Others have attempted the automated analysis of the proportion of questions in tweet message chains (Mendoza et al. 2010). The data used in their study is a subset of the over 4.5 million messages on social media that are relevant to the Chilean earthquake in February 2010, killing 723 people and damaging 370,000 homes. More precisely, the study analyzed tweets related to seven confirmed truths and seven false rumors with from 42 to 700 unique messages per case. It reports the results of a content analysis (Stemler 2001), which identified the truth-affirming, truth-denying, and question-posing tweets. As many as 96% of the tweets related to confirmed truths got judged as truth-affirming, less than 4% as questions, and as little as 4% as truth-denying. In contrast, of the tweets related to false rumors, as many as 38% were seen as truth-denying, more than 17% as questions, and only 45% as truth-affirming. That is, false rumors were questioned much more than confirmed truths. This gives evidence for the large proportion of questions in tweet message chains indicating unreliable information.

6.10 Future work

It is clear that social media has become an important channel of communication for everyone, the public, organizations and governments. Social media − the information it contains and the interactions that it enables − can be mined to benefit health care in a variety of ways, for both laypersons and professionals. We have described some systems that exploit social media to identify and monitor health related crisis, to discover adverse side effects of drugs, or to monitor specific topics.

This is only the beginning, as we are most likely to see new applications in the future.

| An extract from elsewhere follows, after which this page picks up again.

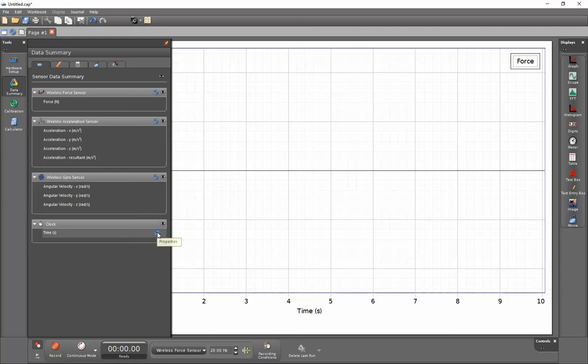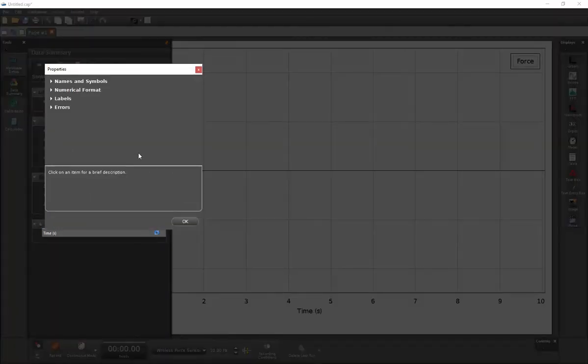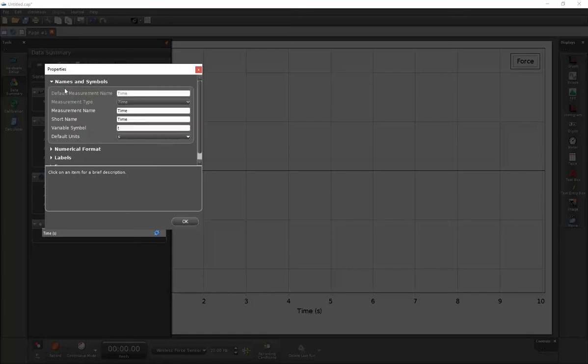Once I've done that, a gear will appear on the right-hand side. I'll click on that gear and then select names and symbols and open that.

The CSIRO work in this area, in addition to what we describe above, has several other research foci. For example, we are looking at attitudes towards depression and suicide in social media, by trying to identify how people react to social media posts that express distress. We are also exploring how people talk about diet-related issues, to see if we can obtain from social media some valuable insights that are similar to those that can be obtained through surveys and interviews. We are also looking at how people might interact and influence each other in healthy living-related online communities. We are seeking to understand how people discuss various topics on social media (Paris et al. 2012) and to learn more about the impact of such communications on medicine, health care, and patients themselves.

In all this work, we have to address the issues mentioned earlier in the chapter, in particular the quantity (and speed) of the information, the noise it contains, and the potential relationships that exist (both within one channel, and across many media channels). In addition, the language employed on social media can be challenging for NLP techniques. Indeed, the language found on social media is usually informal, and often it contains unconventional (and at times colorful) vocabulary, syntax, and punctuations − sometimes through misspellings and sometimes by choice, expressing the creativity of the writer.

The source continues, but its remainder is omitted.